Mostly we mourned the loss of the shuttle crew – the first to include a civilian teacher. I no longer remember when the reality of what had happened finally sunk in. I’m sure it was days or weeks, possibly months. I wish I could tell you about the emotions – but my journal entries carry only the facts and speculations. I have only these two lines and paragraph:
28 January 1986 24:00
“The Shuttle Blew Up. I have no words to describe what I feel inside. It’s too big.”
“We are an age of explorers. All frontiers are frought with danger. Columbus was an explorer. He faced his possible death with courage – he did not give up when it became tough. He discovered a new world. We are at the extreme edges of our knowledge. A new world is just about to come into view. We CAN’T give up now. Life is nothing if we don’t push the frontiers. Senetor Glenn said human history is lined with Triumph, … and tragedy.”

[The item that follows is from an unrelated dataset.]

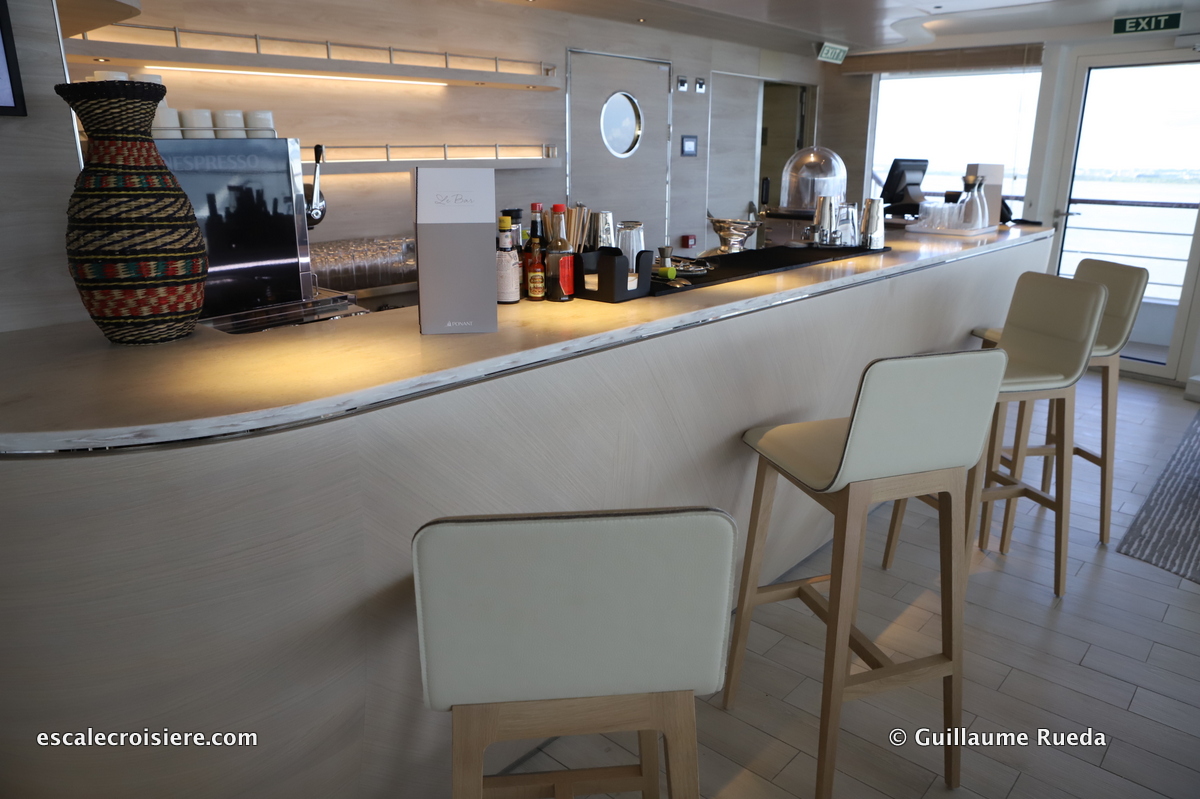 Le Dumont D'Urville - Salon Observatoire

Vandenberg never did launch the shuttle after that.
Oh, and the reason the phone system crashed: A phone system can only handle a small percentage of simultaneous “off hook” requests. They very seldom need to handle more that that tiny fraction. January 28, 1986 at
jbs
(dang, hit tab and space and that hit submit….)(
January 28, 1986 at that particular moment, a very large portion of the base compliment tried to get dial tone and call someone all at that same moment. The phone system couldn’t deal with all the requests at once and went into fatal error.
jbs
And now to remember the Columbia crew. Five years ago.